Присев молча рядом, Карабуш принялся украдкой разглядывать своего зятя. Из-под толстого слоя пыли, из-под маслянистых пятен выглядывало изможденное, ссохшееся, как у мумии, лицо. Глаза глубоко запали в глазницах, волосы, слипшись, выпадали пучками, так и не расклеиваясь, отчего и лысина на голове зятя выглядела странной, похожей на заплату. Дыхание его было коротким, слабым, казалось, что он и вовсе не дышит. И Карабушу пришла нелепая мысль: что, если его зять, лежа так на травке, умрет? Он содрогнулся, уже не мог видеть, как зять лежит и не дышит. Отвернулся, стал смотреть в другую сторону.

Они долго молчали, потом с севера, со стороны Бельц, показался паровоз. Сначала он подкрадывался тихо и незаметно, потом вдруг обрушился на тихие поля тяжелым грохотом металла. Оглушил, ослепил все на своем пути и тут же исчез. Онаке, хоть и приметил паровоз заранее и видел, как он подкрадывается, тем не менее вздрогнул от неожиданности, но Мирча продолжал лежать неподвижно. Ни один мускул не дрогнул на его лице, и Карабуш подумал: как не по-человечески измотал себя его зять. И еще он подумал: как хорошо, что поезда ходят по заранее установленному пути, иначе сколько бы народу они передавили!

Время было уже далеко после полудня. Жара начала наконец спадать, далеко на западе забелели тучи, подул слабый ветерок, и поля свежо, по-осеннему задышали. Мирча лежал на спине, и казалось, что вместе с раскинувшимися вокруг полями остывает и он. Дыхание как-то начало выравниваться, входило в свой ритм. Карабушу одно время показалось даже, что зять уснул. Стараясь не потревожить его сон, он сидел тихо и от этой вынужденной неподвижности задумался о чем-то сложном, давно пережитом. Вспоминалось почему-то все, что было в его жизни трудного, неприятного. И как-то незаметно для самого себя он горько-прегорько вздохнул, вздохнул тем тяжелым, полным душевных мук стоном, каким чутуряне обычно балуют себя только в редкие минуты полного одиночества.

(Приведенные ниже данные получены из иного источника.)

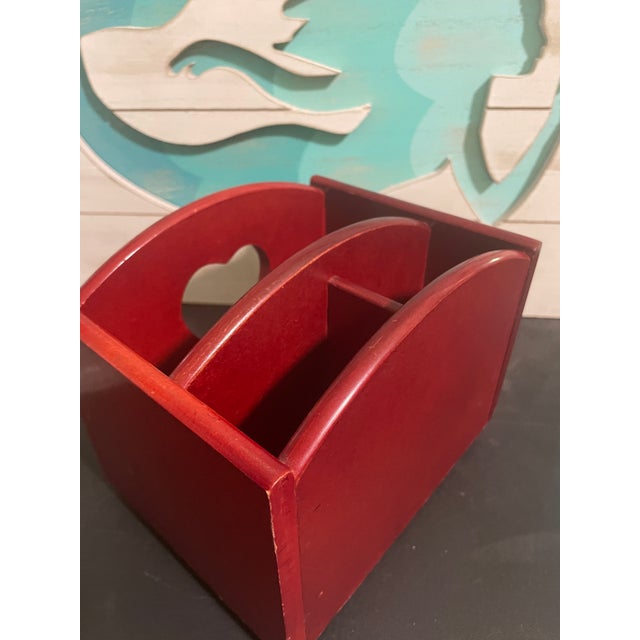 Wood Vintage Cherry Wood Lazy Susan Napkin & Condiment Holder With Heart Cutouts For Sale - Image 7 of 7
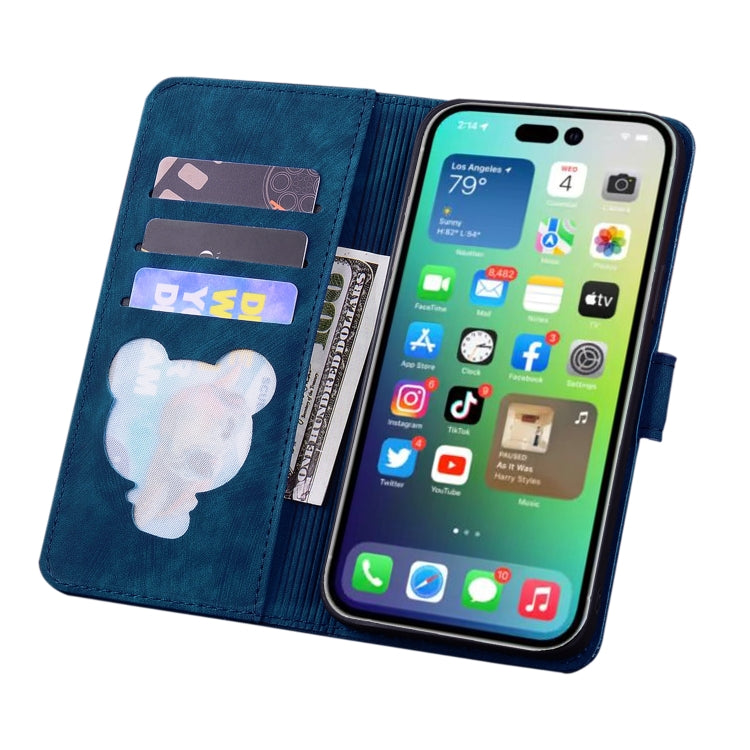 For iPhone 16 Pro Max Cartoon Sakura Cat Embossed Leather Phone Case(Royal Blue) by buy2fix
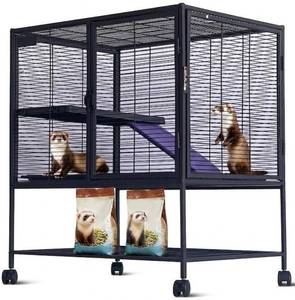 lot 291653 image: Garvee Metal Small Animal Cage,34 H Multi-Level Ferret Cage for Small Animals - Large Hamster Cage with Ramp, Extra Storage Stand, RemovableTray for Chinchilla, Rabbit (30L x 20W x 36 H)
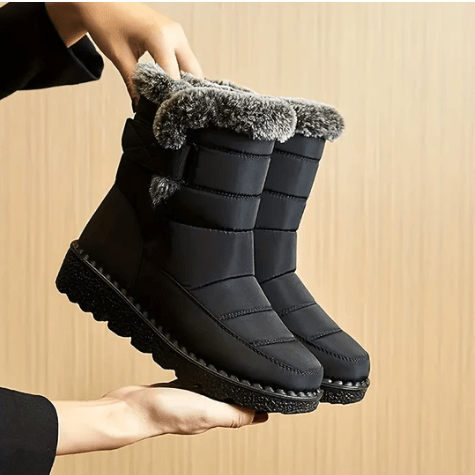 Women's Ankle Boots – Quilted Fit – Lined with Fur – Non-Slip Sole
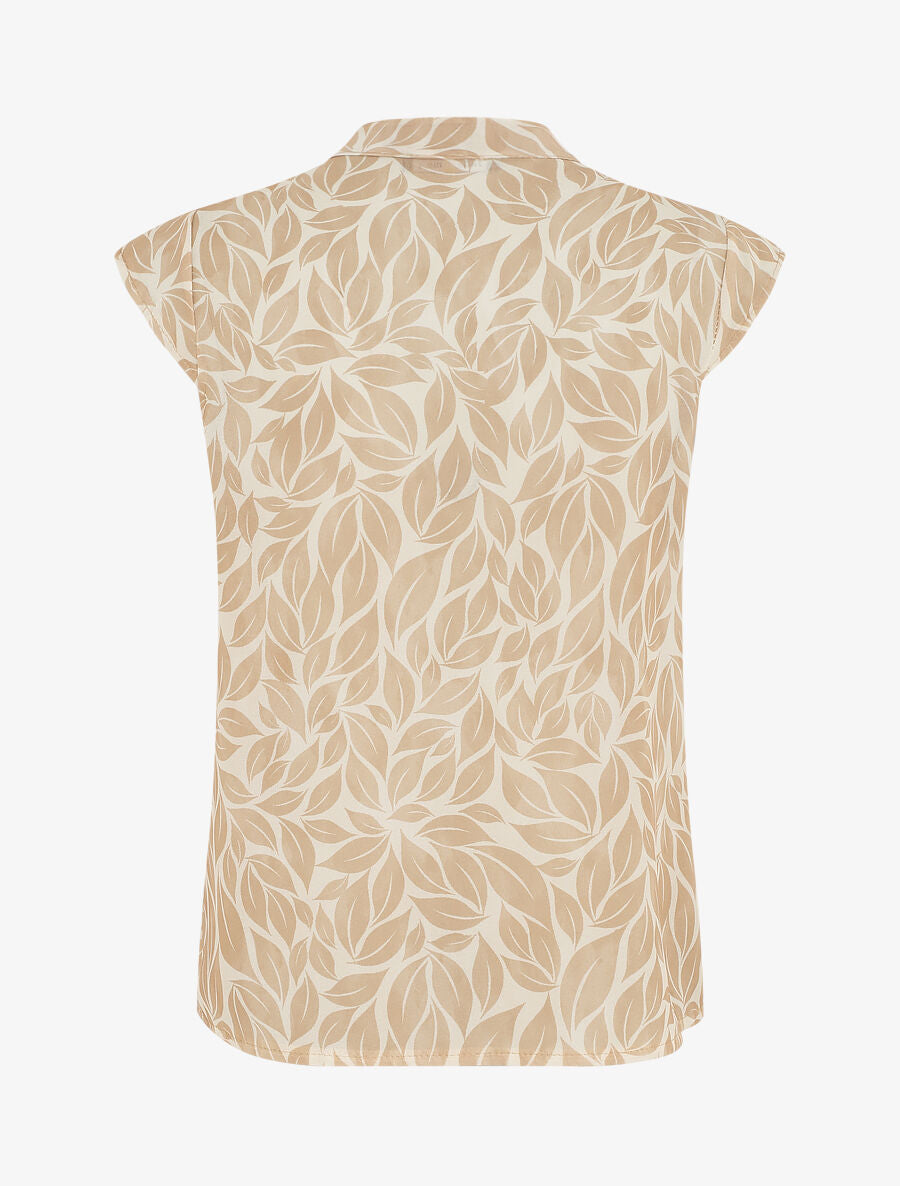 Top à mancherons col V imprimé feuilles - Beige - 2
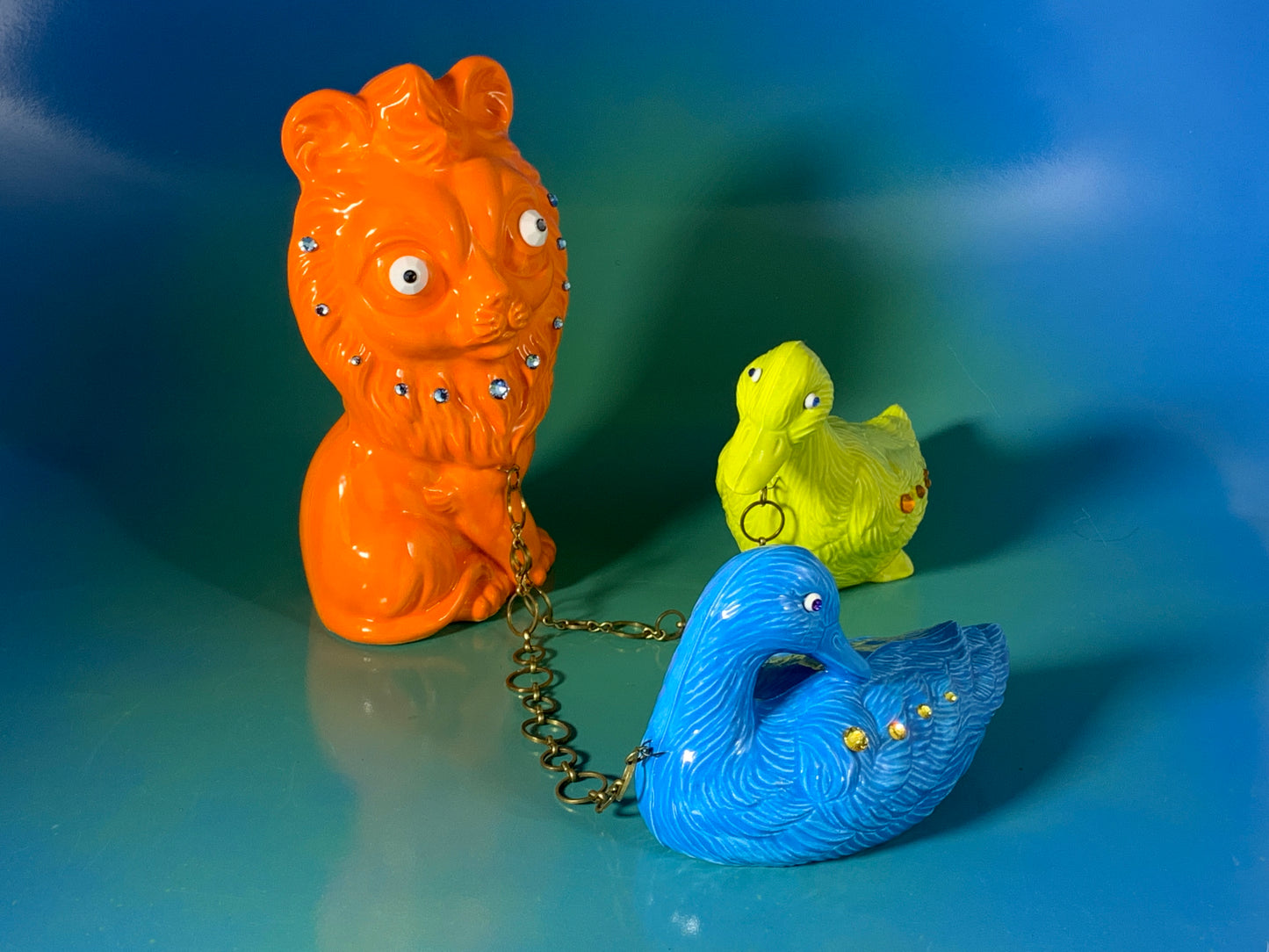 Ceramic Lion Chained to Ducks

— Чего это вы так убиваетесь, отец?

Карабуш вздрогнул от неожиданности. Он не нашелся что ответить, а может, нарочно не ответил, потому что какой там разговор может завязаться между бодрствующим и дремлющим? Но, с другой стороны, он обрадовался, что зять не спит. Эти воспоминания разбередили всю его душу, многие забытые раны снова начали кровоточить, и ему очень нужен был рядом хороший, близкий человек.

— Понимаешь, странное дело! Каждый раз, когда попадаю сюда, в Хыртопы, становится мне горько, прямо хоть волком вой!

— Гектаров своих, что ли, жалко?

Карабуш быстро, удивленно повернулся к Мирче, точно не ожидал от него такого вопроса. Это мог спросить председатель колхоза, начальник какой из района, но чтобы родной зять! Хотя человек, промаявшийся четыре года в поле, может спросить и не такое.

— Нет, я по гектарам никогда не сходил с ума. К тому же полученный мною от отца гектар был возле леса; эти два гектара я получил при наделах. Одна власть дала их, другой власти я их вернул. Бог с ними.

— Отчего же вам тогда горько?

— Бог его знает. Я думаю, все из-за того горького пырея, хоть он, сволочь, и сладковат на вкус. Даже говорили, в какой-то стране из него водку гонят.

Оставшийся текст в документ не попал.